> [Task prompt] The required answer is the data below, restated word for word with images omitted.

> [Data]
■ ■ ■ ■

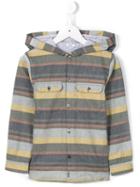 Knot Polka Stripes Shirt, Boy's, Size: 6 Yrs, Grey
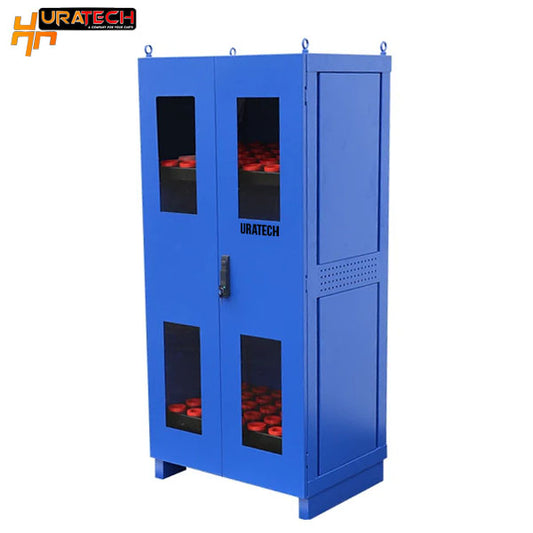 CNC Tool holder cabinet and locker for CAT30-BT30-DV30- NMTB30-ISO30 taper CNC holders from Uratech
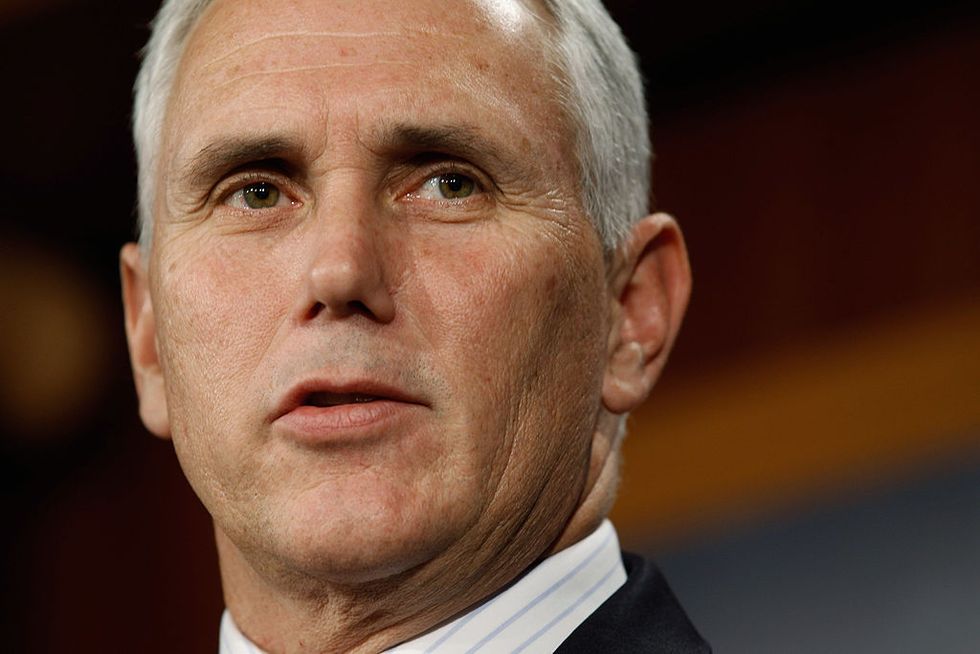 Pence Walks Back Previous Opposition to Trump's Muslim Ban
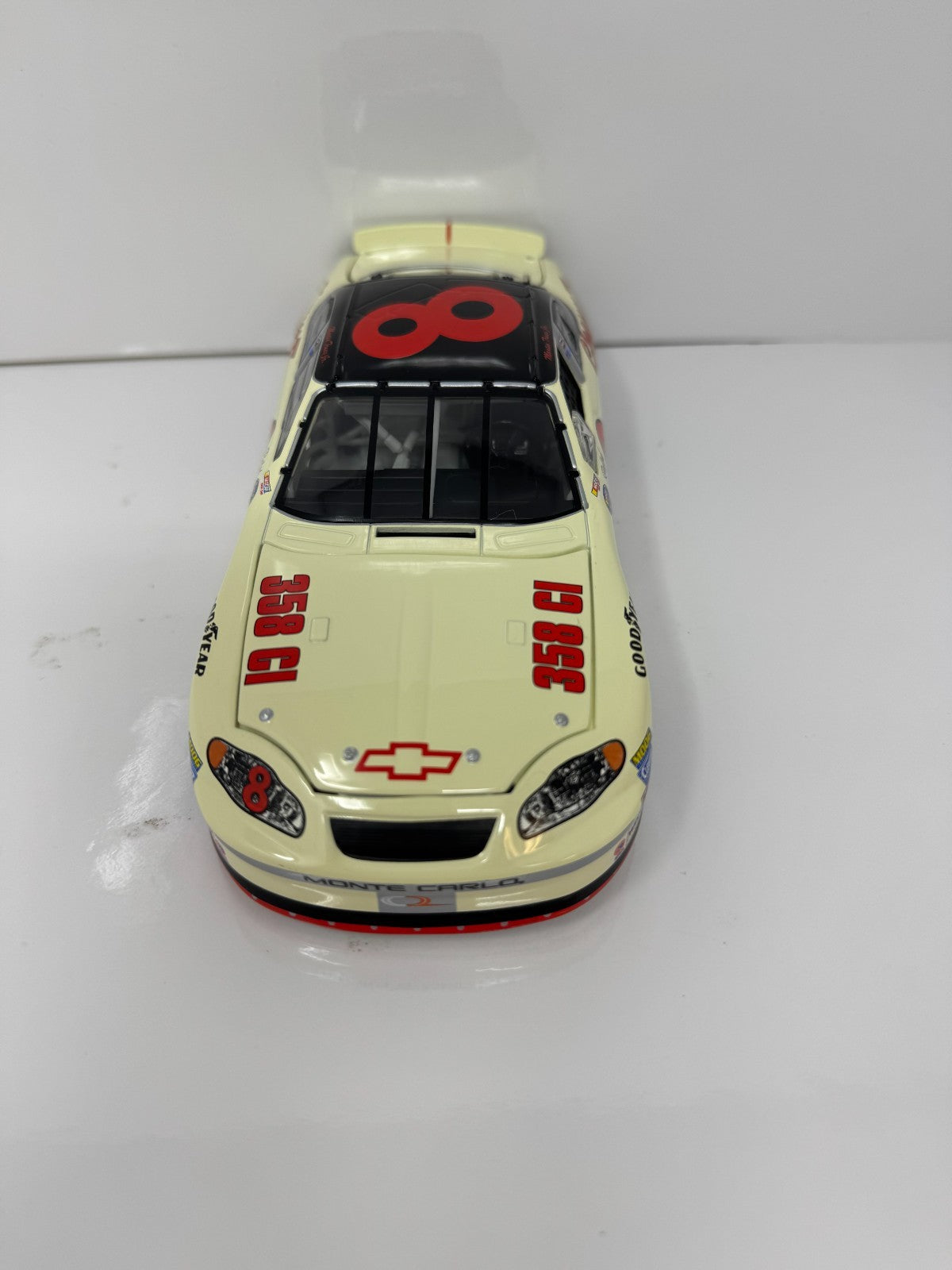 Action NASCAR Martin Truex Jr #8 Chance 2 2003 Monte Carlo 1:24 Diecast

■ ■ ■ ■

> [Exercise result]
 Knot Polka Stripes Shirt, Boy's, Size: 6 Yrs, Grey
 CNC Tool holder cabinet and locker for CAT30-BT30-DV30- NMTB30-ISO30 taper CNC holders from Uratech
 Pence Walks Back Previous Opposition to Trump's Muslim Ban
 Action NASCAR Martin Truex Jr #8 Chance 2 2003 Monte Carlo 1:24 Diecast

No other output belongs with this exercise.